[Crawled caption data]
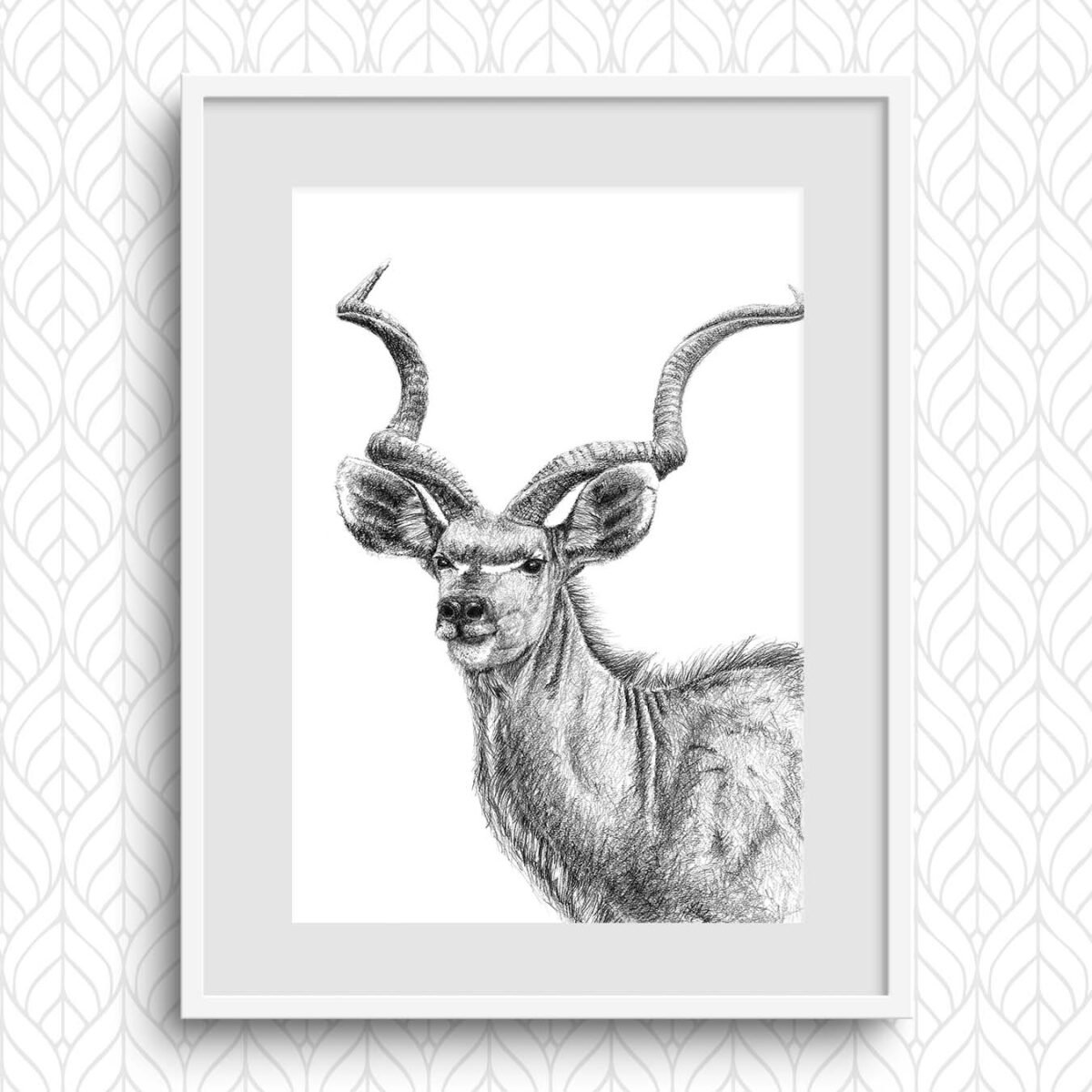Kudu Sketch Art Print - Image 2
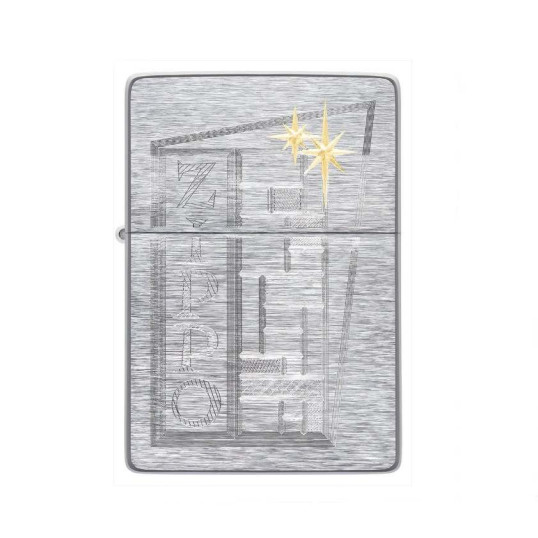 Zippo Vintage Brushed Chrome benzines öngyújtó – retro építészeti gravírozással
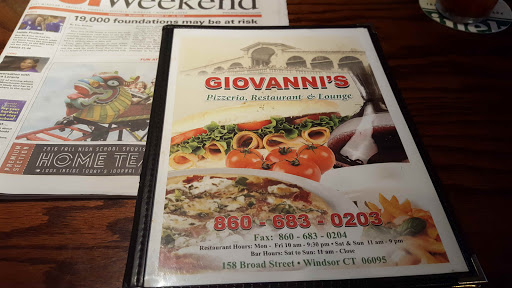 Pizza Restaurant «Giovannis Pizza Restaurant & Bar», reviews and photos, 158 Broad St, Windsor, CT 06095, USA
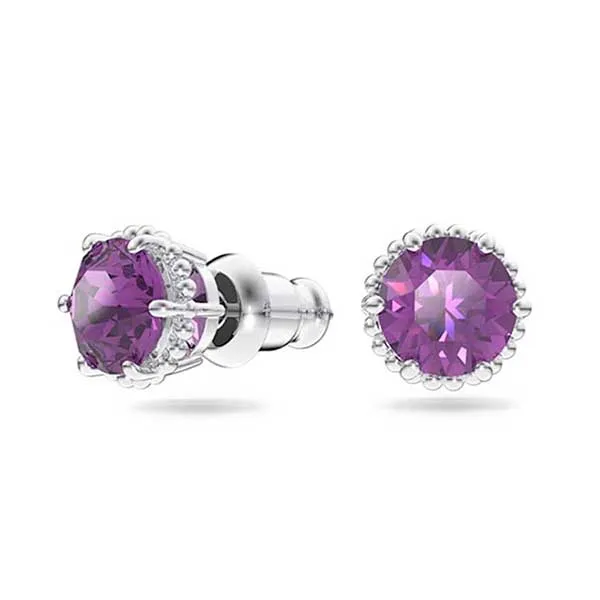 Khuyên Tai Nữ Swarovski Birthstone Stud Earrings Round Cut, February, Purple, Rhodium Plated 5615517 Màu Tím - Trang sức - Vua Hàng Hiệu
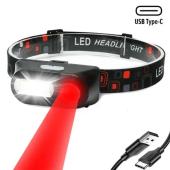 фонарь налобный 1804-led(red)+cob(white), 1x18650, зу type-c, оптом, купить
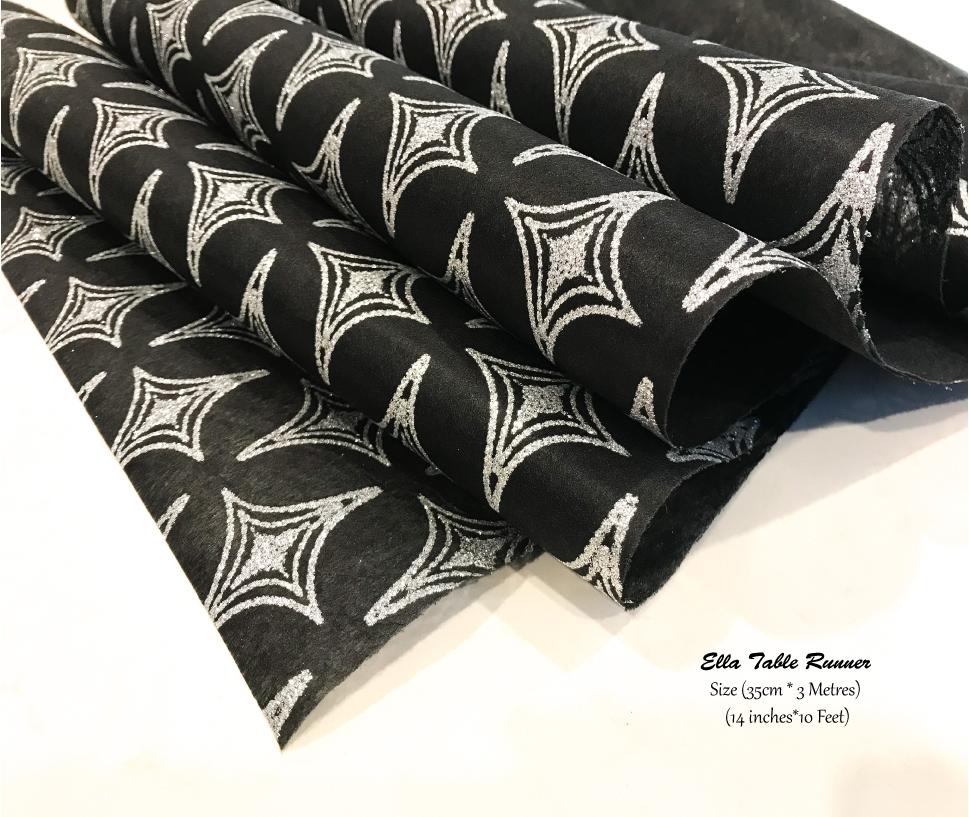 Black Table Runner - Diamonds Design - Place Matters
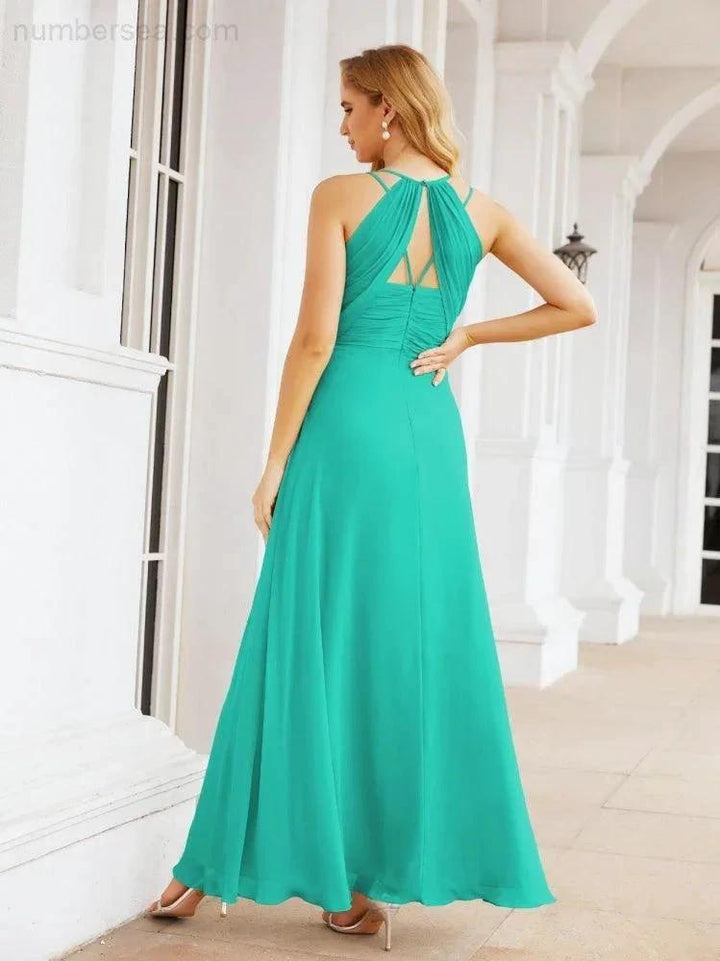 Numbersea Double Spaghetti Straps Bridesmaid Dresses for Women Long Formal Party Dress Side Split 28051 by numbersea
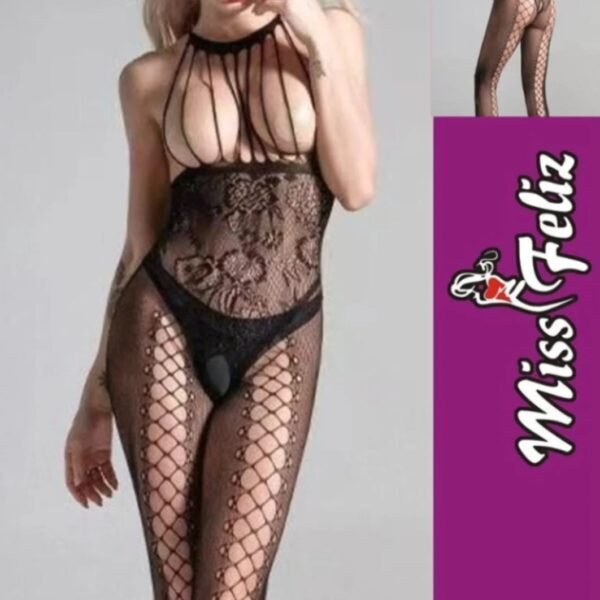 Fantazi qara bədən corabı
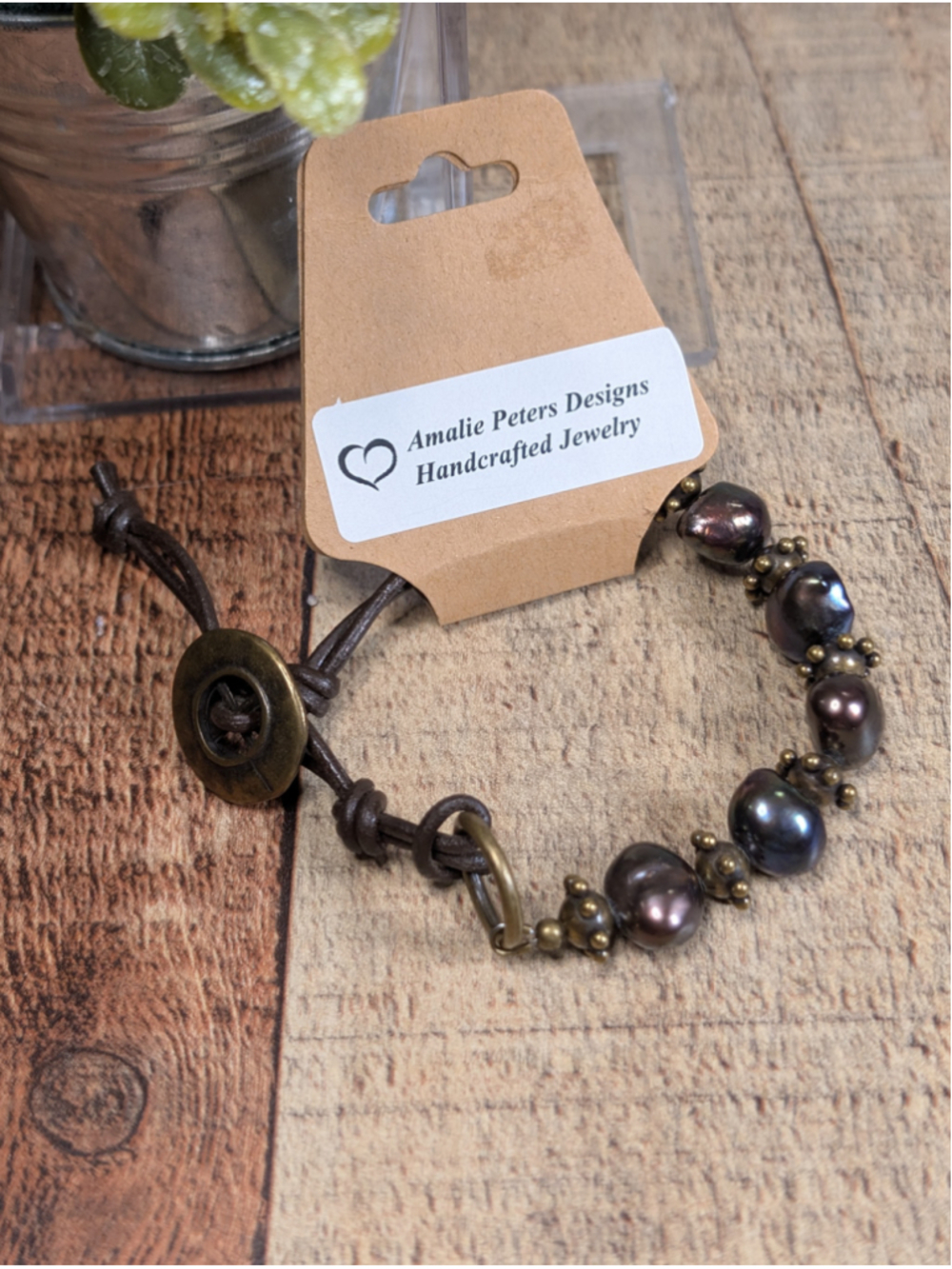 NEW Artisan Boho Peacock Rustic Pearl Brown Knotted Leather Cord Button Bracelet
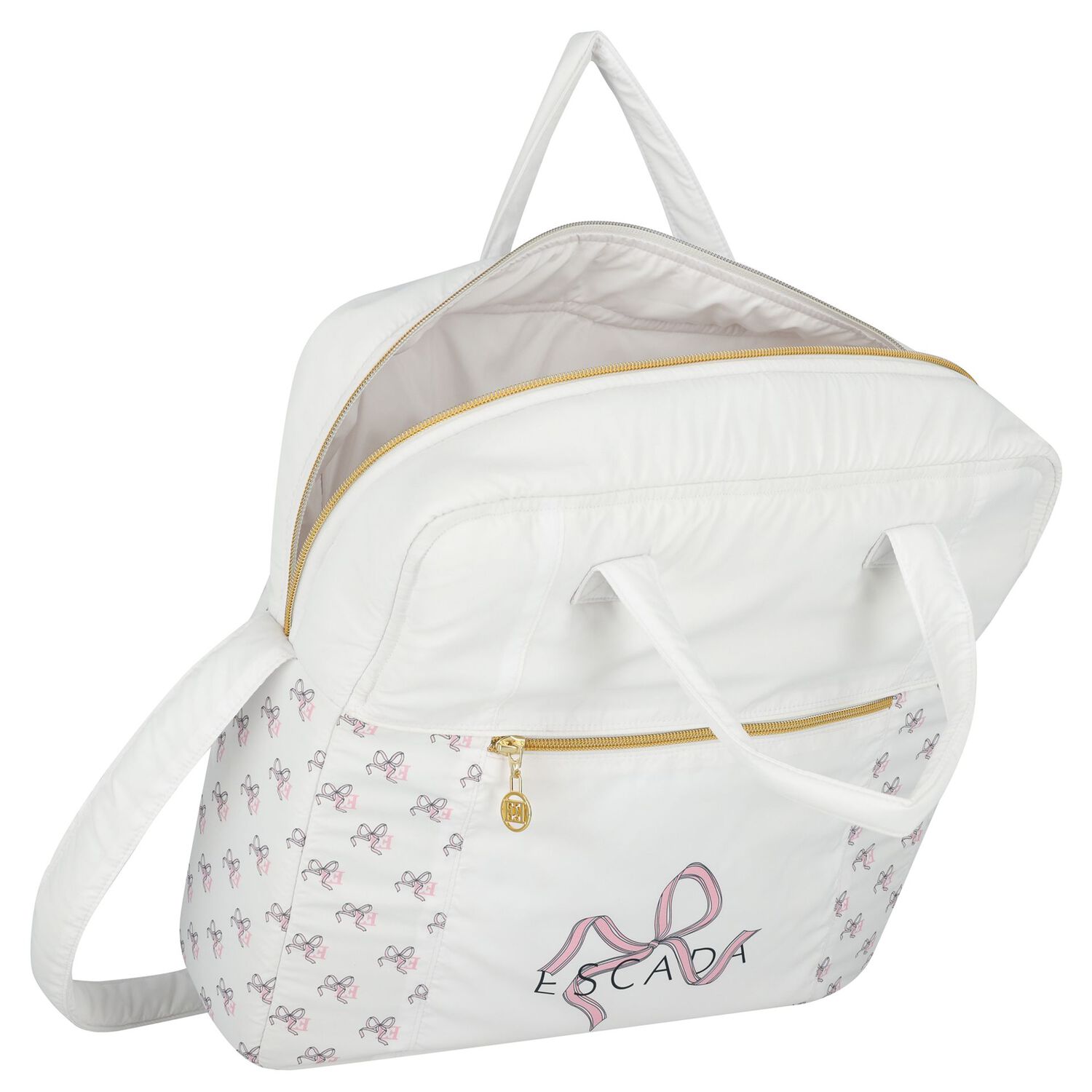Baby Girls White Logo Bow Changing Bag, 1, hi-res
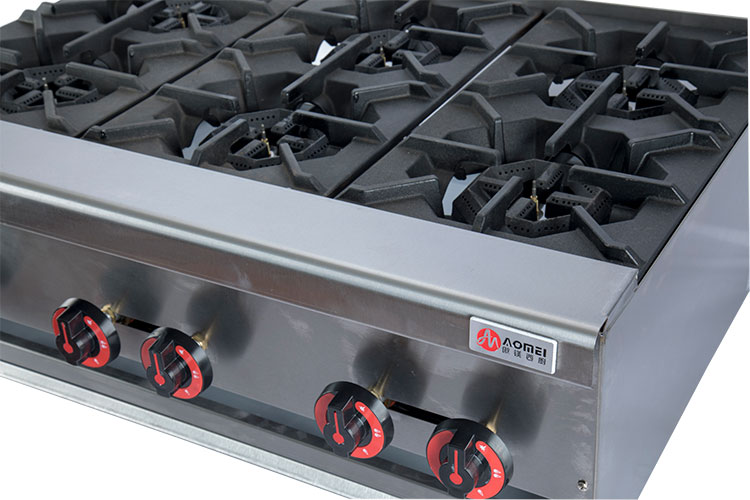 Silver Industrial Countertop Gas Burner for Easy Operation in Restaurant Kitchen Stoves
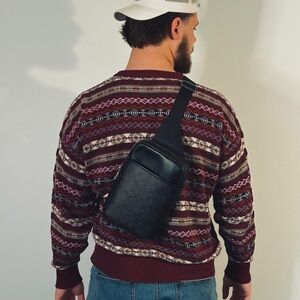 Coach Black Leather Crossbody Sling Bag for Men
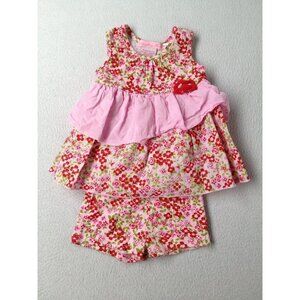 Baby Toddler Girl Every Day Nay Pink Floral Summer Shorts Set Size 24 Months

(EXERCISE): Output all of the data word for word, excluding any pictures.

(ANSWER BOX):
Kudu Sketch Art Print - Image 2
 Zippo Vintage Brushed Chrome benzines öngyújtó – retro építészeti gravírozással
 Pizza Restaurant «Giovannis Pizza Restaurant & Bar», reviews and photos, 158 Broad St, Windsor, CT 06095, USA
 Khuyên Tai Nữ Swarovski Birthstone Stud Earrings Round Cut, February, Purple, Rhodium Plated 5615517 Màu Tím - Trang sức - Vua Hàng Hiệu
 фонарь налобный 1804-led(red)+cob(white), 1x18650, зу type-c, оптом, купить
 Black Table Runner - Diamonds Design - Place Matters
 Numbersea Double Spaghetti Straps Bridesmaid Dresses for Women Long Formal Party Dress Side Split 28051 by numbersea
 Fantazi qara bədən corabı
 NEW Artisan Boho Peacock Rustic Pearl Brown Knotted Leather Cord Button Bracelet
Baby Girls White Logo Bow Changing Bag, 1, hi-res
 Silver Industrial Countertop Gas Burner for Easy Operation in Restaurant Kitchen Stoves
 Coach Black Leather Crossbody Sling Bag for Men
 Baby Toddler Girl Every Day Nay Pink Floral Summer Shorts Set Size 24 Months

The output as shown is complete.